_What to produce_
Some entries follow. Reproduce exactly the lines starting at the one with "Rolife DIY Miniature" and stopping after the one with "Carro - KESTEVEN".

(Dataset records)
========================
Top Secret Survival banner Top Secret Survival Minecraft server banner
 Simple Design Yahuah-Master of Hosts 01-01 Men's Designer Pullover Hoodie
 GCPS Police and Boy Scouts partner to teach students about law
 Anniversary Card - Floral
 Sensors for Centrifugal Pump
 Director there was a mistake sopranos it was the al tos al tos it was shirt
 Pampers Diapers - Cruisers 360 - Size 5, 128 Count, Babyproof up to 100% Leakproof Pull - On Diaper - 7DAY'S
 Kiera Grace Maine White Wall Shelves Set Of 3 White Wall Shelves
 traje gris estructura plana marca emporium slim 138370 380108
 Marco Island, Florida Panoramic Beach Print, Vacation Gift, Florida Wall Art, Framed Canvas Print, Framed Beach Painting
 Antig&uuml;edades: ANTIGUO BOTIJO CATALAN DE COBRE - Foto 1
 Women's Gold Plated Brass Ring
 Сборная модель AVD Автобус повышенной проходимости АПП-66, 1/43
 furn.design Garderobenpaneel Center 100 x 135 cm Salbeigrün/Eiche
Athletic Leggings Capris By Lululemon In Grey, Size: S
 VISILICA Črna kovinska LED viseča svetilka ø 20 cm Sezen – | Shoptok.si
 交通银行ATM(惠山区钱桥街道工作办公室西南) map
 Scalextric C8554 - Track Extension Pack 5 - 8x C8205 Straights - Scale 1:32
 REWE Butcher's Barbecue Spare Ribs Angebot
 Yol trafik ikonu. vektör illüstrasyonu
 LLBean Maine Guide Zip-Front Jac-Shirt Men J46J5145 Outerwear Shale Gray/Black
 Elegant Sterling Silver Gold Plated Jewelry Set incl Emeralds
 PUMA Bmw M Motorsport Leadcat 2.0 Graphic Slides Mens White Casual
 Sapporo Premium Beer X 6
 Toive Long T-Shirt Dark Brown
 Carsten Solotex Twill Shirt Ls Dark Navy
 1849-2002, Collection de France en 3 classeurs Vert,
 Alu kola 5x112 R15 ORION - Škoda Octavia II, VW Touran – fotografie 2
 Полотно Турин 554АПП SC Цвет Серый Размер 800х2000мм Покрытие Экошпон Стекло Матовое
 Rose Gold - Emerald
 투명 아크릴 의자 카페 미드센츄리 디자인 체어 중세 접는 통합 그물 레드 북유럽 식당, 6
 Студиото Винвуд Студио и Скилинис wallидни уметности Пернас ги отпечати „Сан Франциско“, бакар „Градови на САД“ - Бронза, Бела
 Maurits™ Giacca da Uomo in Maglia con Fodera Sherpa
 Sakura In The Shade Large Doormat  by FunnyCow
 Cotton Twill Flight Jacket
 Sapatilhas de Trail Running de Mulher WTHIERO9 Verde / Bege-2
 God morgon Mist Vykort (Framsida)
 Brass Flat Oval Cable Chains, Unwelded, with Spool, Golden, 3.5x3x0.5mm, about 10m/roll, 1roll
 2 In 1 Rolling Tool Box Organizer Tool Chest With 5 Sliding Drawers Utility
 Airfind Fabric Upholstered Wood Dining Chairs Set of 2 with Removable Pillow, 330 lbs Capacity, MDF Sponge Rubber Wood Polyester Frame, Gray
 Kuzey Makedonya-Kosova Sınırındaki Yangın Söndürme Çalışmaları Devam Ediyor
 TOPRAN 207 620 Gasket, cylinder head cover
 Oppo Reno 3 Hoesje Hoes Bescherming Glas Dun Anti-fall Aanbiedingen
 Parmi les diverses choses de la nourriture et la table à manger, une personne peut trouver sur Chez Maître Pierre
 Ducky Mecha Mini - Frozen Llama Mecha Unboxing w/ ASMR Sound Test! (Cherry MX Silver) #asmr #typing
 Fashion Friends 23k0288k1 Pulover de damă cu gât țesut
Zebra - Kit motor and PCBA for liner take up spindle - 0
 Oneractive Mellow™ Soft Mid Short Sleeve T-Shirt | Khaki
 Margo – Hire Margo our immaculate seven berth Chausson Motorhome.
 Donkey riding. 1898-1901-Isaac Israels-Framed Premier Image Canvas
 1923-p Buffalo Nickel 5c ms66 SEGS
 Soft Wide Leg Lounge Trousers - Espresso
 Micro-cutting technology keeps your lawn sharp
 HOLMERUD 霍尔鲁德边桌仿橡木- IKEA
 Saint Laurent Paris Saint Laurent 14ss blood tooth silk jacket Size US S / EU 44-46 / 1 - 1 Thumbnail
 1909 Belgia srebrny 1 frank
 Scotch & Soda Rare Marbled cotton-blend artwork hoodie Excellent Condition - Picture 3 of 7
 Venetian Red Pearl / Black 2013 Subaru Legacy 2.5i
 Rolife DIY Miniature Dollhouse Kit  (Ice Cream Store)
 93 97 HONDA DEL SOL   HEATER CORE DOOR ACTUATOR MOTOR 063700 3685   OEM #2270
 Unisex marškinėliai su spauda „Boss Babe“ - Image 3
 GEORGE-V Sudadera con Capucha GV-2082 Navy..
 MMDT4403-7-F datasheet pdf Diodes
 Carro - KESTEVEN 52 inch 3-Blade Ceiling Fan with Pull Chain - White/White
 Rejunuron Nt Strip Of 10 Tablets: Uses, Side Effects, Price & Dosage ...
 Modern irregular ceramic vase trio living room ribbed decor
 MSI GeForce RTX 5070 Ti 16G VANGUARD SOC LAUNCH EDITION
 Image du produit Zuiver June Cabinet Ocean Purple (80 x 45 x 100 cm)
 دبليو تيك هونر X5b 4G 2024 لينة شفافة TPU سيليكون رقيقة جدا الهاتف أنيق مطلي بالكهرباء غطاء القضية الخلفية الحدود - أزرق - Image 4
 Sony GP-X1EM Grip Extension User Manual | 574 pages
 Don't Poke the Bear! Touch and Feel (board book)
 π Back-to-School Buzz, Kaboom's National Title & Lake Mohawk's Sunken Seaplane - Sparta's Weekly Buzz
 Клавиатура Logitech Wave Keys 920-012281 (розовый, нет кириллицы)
========================
_Response_
 Rolife DIY Miniature Dollhouse Kit  (Ice Cream Store)
 93 97 HONDA DEL SOL   HEATER CORE DOOR ACTUATOR MOTOR 063700 3685   OEM #2270
 Unisex marškinėliai su spauda „Boss Babe“ - Image 3
 GEORGE-V Sudadera con Capucha GV-2082 Navy..
 MMDT4403-7-F datasheet pdf Diodes
 Carro - KESTEVEN 52 inch 3-Blade Ceiling Fan with Pull Chain - White/White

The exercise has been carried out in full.